AceShowbiz - On Tuesday, October 15, at the age of 28, New Zealand author Eleanor Catton became the youngest ever winner of the £50,000 Man Booker Prize. Receiving her award at London's Guildhall, Catton won for her 832-page book on 19th century goldfields, "The Luminaries", the longest novel to win in the 45-year history of the annual contemporary fiction awards.

"It's a dazzling work. It's a luminous work. It is vast without being sprawling," said the chairman of the judging panel, Robert Macfarlane about the book that its author described as "a publisher's nightmare." The award was presented to Catton by the Duchess of Cornwall, Camilla Rosemary Mountbatten-Windsor and was announced live via the BBC News Channel.

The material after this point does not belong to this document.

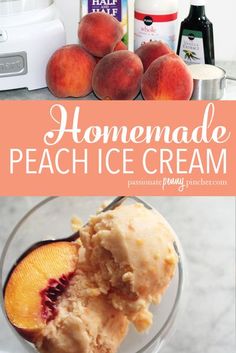 homemade peach ice cream with fresh peaches in the background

"We have returned to it three times now and we have dug into it - to use its own metaphors - and the yield it has offered at each new reading has been extraordinary," said Macfarlane. Apparently, it took the panel "just under two hours of pretty tough discussion" to decide the winner, a book which he jokingly said gave "those of us who didn't read it on e-readers enjoyed a full upper-body work-out."

By winning this year, Catton became only the second writer from New Zealand to win the Man Booker Prize, after Keri Hulme won in 1985 for her first and only novel "The Bone People". "The Luminaries" is now the longest Man Booker Prize winner, exceeding the 672-page 2009 winner "Wolf Hall" with its 832 pages.